# [Work request]
Pictures excluded, output the lines of the data below between the one holding "Дубль Мбаппе помог" and the one holding "Tech-Protect QI15W-A28 3", inclusive, exactly as they stand.

# [Record excerpts]
- - - - -
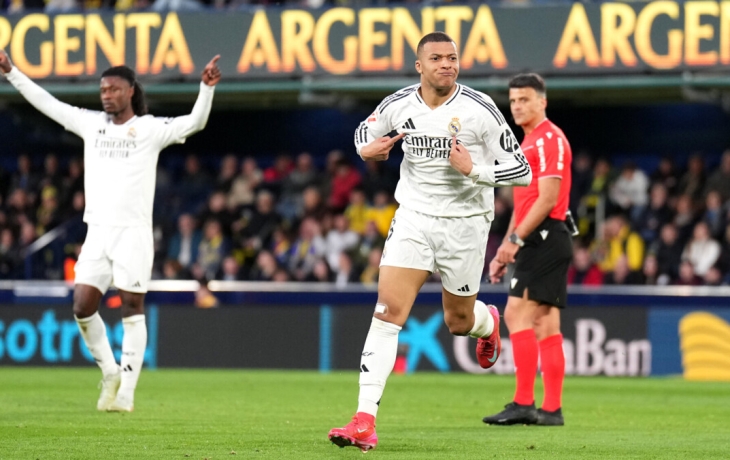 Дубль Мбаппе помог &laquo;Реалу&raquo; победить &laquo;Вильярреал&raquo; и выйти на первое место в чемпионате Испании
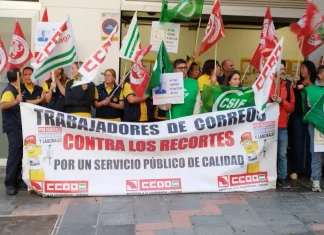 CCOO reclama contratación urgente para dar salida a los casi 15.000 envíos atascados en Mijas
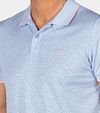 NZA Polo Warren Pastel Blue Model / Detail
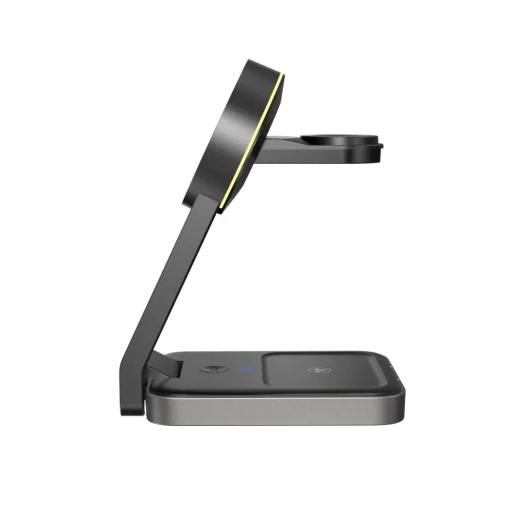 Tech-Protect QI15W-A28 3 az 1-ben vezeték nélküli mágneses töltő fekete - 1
- - - - -
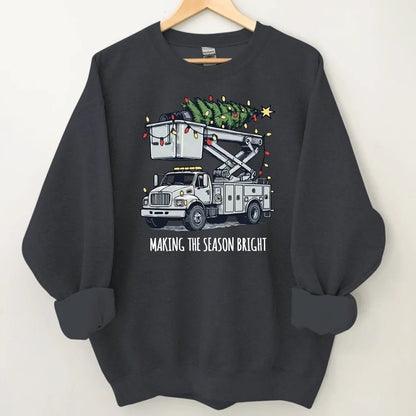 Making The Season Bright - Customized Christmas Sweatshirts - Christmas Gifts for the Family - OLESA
- - - - -
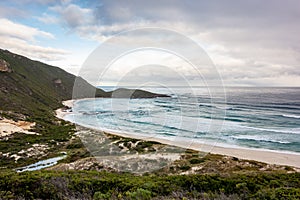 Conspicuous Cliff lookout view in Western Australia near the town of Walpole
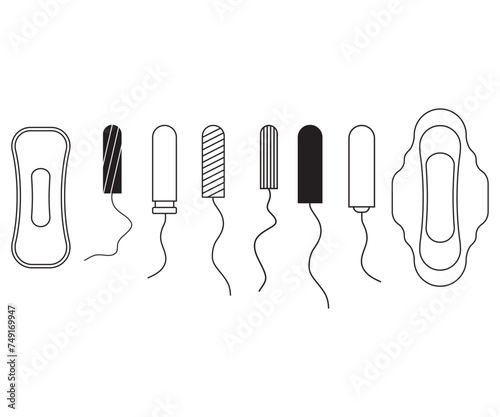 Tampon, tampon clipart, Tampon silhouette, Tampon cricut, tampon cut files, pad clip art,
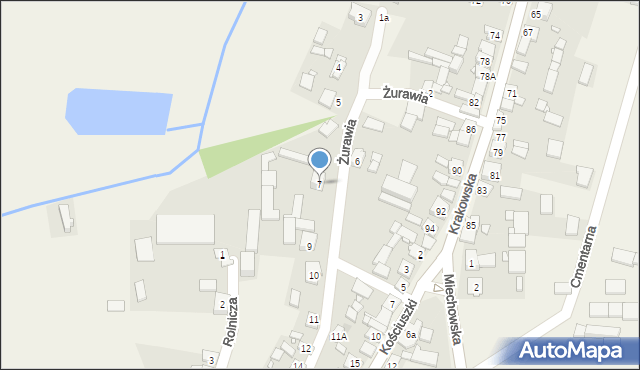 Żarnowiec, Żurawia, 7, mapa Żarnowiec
- - - - -
# [Answer box]
 Дубль Мбаппе помог &laquo;Реалу&raquo; победить &laquo;Вильярреал&raquo; и выйти на первое место в чемпионате Испании
 CCOO reclama contratación urgente para dar salida a los casi 15.000 envíos atascados en Mijas
 NZA Polo Warren Pastel Blue Model / Detail
 Tech-Protect QI15W-A28 3 az 1-ben vezeték nélküli mágneses töltő fekete - 1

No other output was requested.